I wrote the below post for the excellent Manchester Girl Geeks who will be heading over to the Museum of Science and Industry in Manchester on Saturday 21st March for their eclipse event. If you’re local to Portsmouth, come along to Guildhall Square on 20th March to watch the solar eclipse with us, or check out our Stargazing Live event the following week.
In the morning on Friday 20th March 2015 a partial solar eclipse will be visible from the UK. In Manchester the eclipse will start at 08:26 and finish at 10:41 with the maximum obscuration at 09:32. At this point, 90% of the Sun will be covered up and will look something like the image found here.

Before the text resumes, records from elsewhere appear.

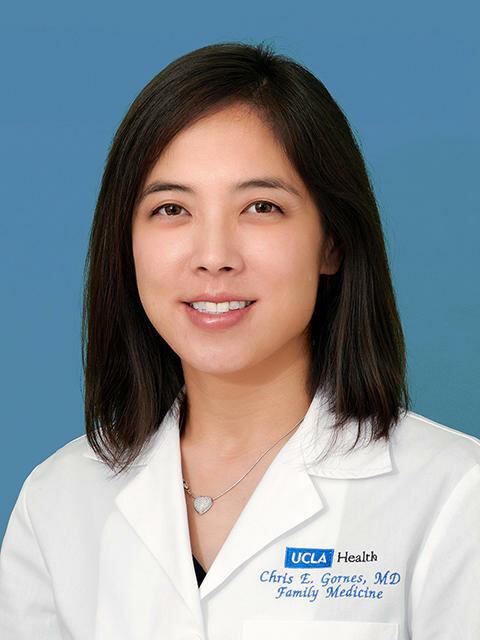 Chris Gornes, MD - UCLA Health Torrance Skypark Primary & Specialty Care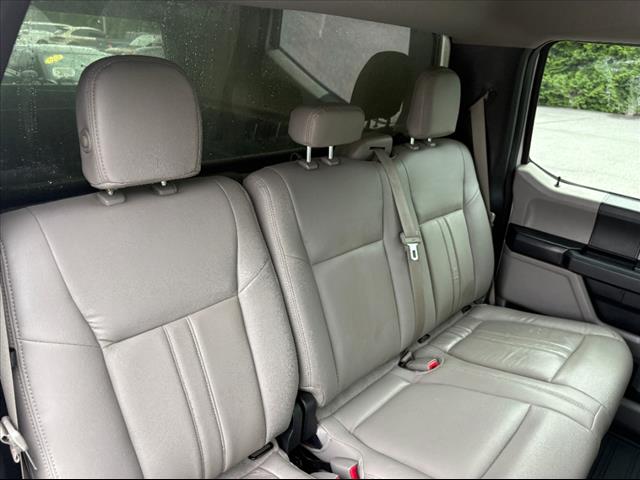 2015 Ford F-150 XL - Photo 18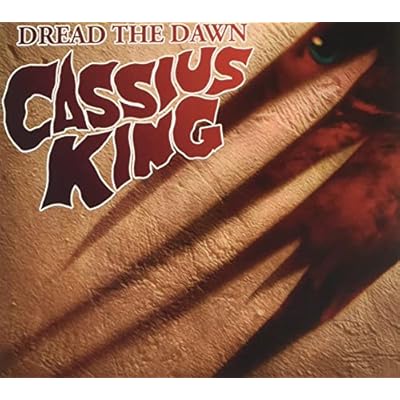 Dread The Dawn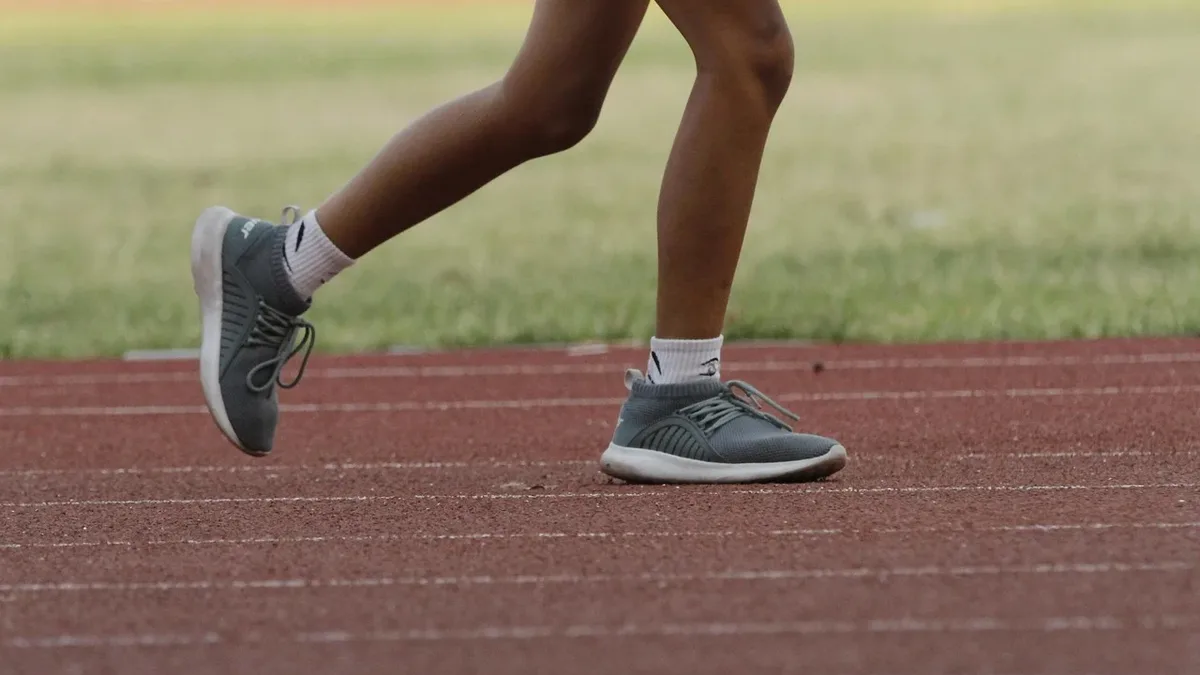 The Reckoning Workout introduces faster segments at marathon pace during long runs to build physical and mental...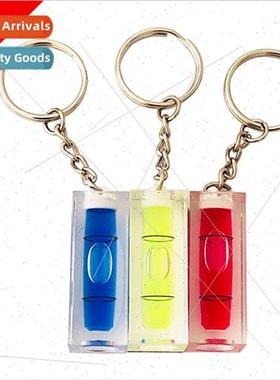40x15x15 wh keychain level ruler level bubble level meter le
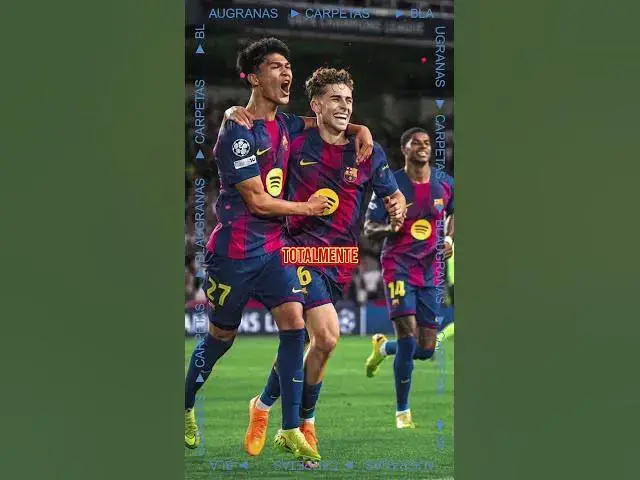 Video thumbnail for ATENTOS AL NUEVO RÉCORD DE FERMÍN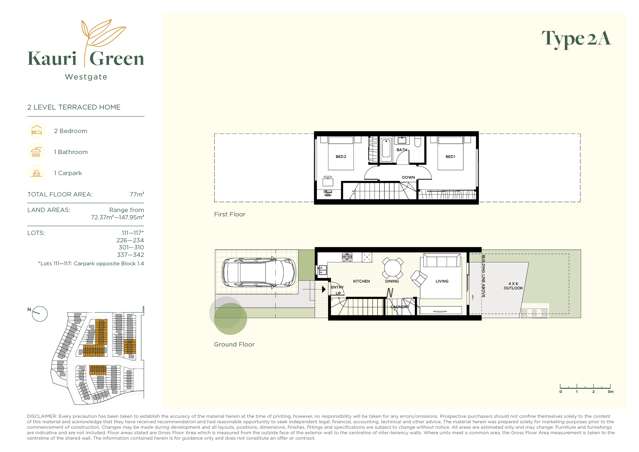 50 - 56 Westgate Drive Westgate_1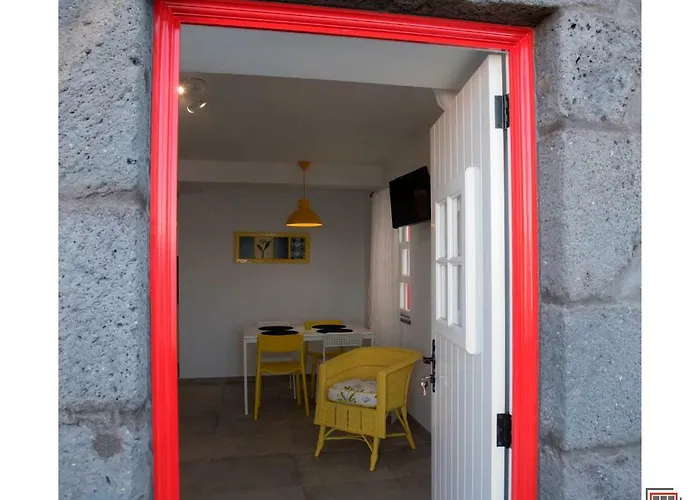 Διαμέρισμα Casa Do Ze Ii Al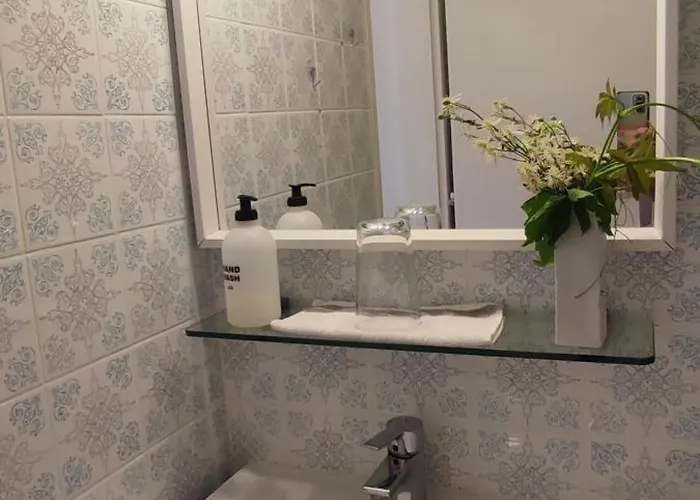 Apartment Mit Terrasse In Zentraler Lage Graz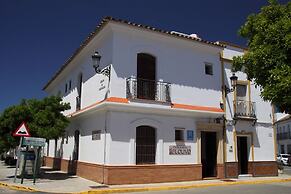 Hotel Rural El Olivo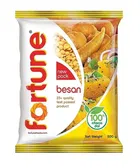 Fortune Besan 2X500 g 
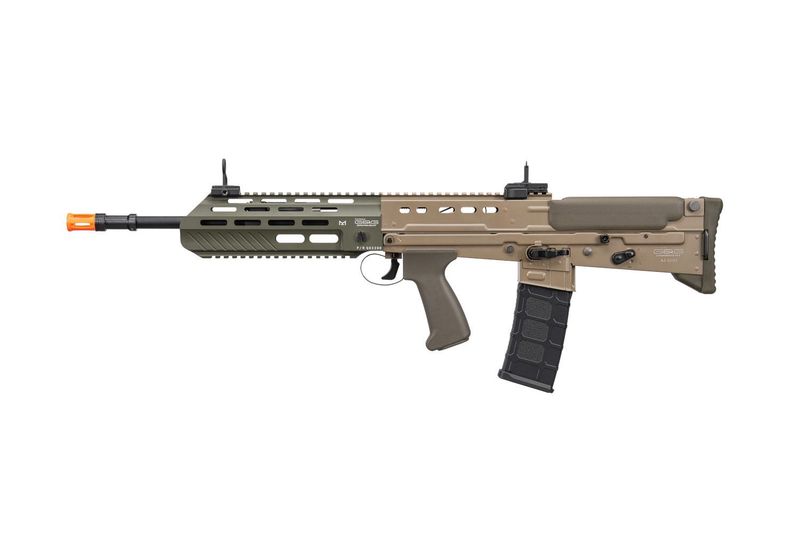 G&amp;G L85 A3 Bullpup AEG Airsoft Rifle w/ Mosfet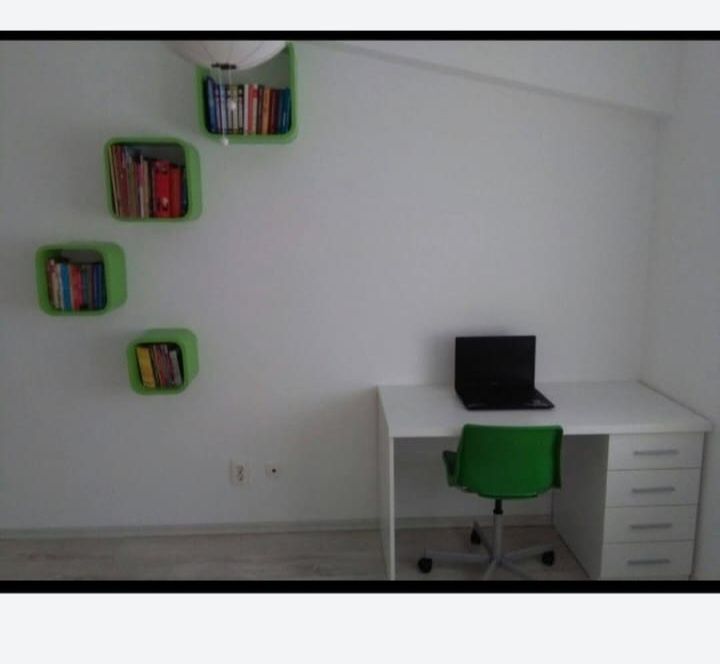 Apartament cochet 2 camere , scara interioara, utilat și mobilat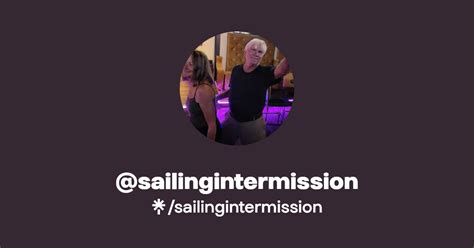 sailing onlyfans|Find @sailingintermission Onlyfans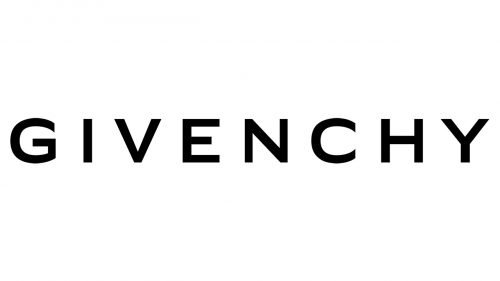 Givenchy embleme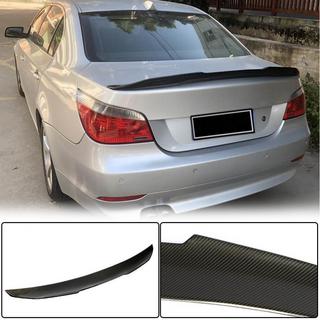 Spojler PSM-Style (pre SD, karbón) BMW 5. rad E60/E61 2003–2010 fotografia 1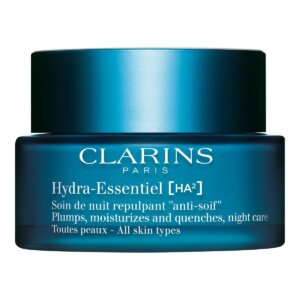 Clarins Hydra-Essentiel Night Cream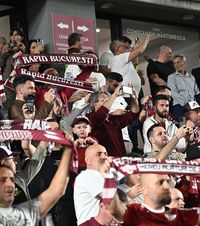 Bilete pentru Rapid - FCSB  Giuleștenii au scos la vânzare   tichete pentru derby  » Care sunt prețurile   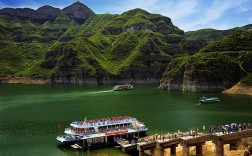 北京胜泉亲水湾旅游风景区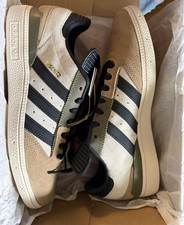 ADIDAS BUSENITZ SKATEBOARDING MENS SZ 19 CARD...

The timings of the eclipse and how much of the Sun gets covered up will be slightly different depending on where you are in the country. Where I work in Portsmouth, the maximum will happen four minutes earlier and only 85% of the Sun will be covered up. Go north to Edinburgh and the maximum obscuration will be 93% at 09:35. Of course realistically it won’t really look different wherever you are in the UK. To see the total solar eclipse, with the Sun completely obscured by the Moon, you’ll need to go way north, to the Faroe Islands or Svalbard.
In this post we’re going to look at eclipses in more detail, including what an eclipse is, why they’re interesting, and, perhaps most importantly, how you can safely view March’s partial eclipse.
A solar eclipse happens when the Moon passes directly in front of the Sun as we see it from Earth, blocking out the light coming from the Sun. From this simple explanation you might be wondering why we don’t get a solar eclipse every 28 days, as the Moon orbits around the Earth. Well it’s all to do with how the Earth, Moon and Sun line up (or don’t). The orbit of the Moon around the Earth is tilted at a small angle compared to the orbit of the Earth around the Sun. This means that if you draw a line from the Earth to the Sun at ‘New Moon’ (when the Moon is in between the Earth and Sun), most of the time the Moon will be above or below this line. But every now and again it lines up perfectly, and that’s when we get a solar eclipse.
It just so happens that the apparent sizes of the Moon and the Sun from Earth (in other words, how big they look to us) are pretty much the same, so during a total solar eclipse the Moon completely blocks out all of the light from the Sun. To witness this you need to be in the ‘umbra’ in the diagram below. Surrounding the umbra is the ‘penumbra’ where only part of the Sun will be blocked out, and this is where you need to be for a partial eclipse, like we will be in the UK on 20th March.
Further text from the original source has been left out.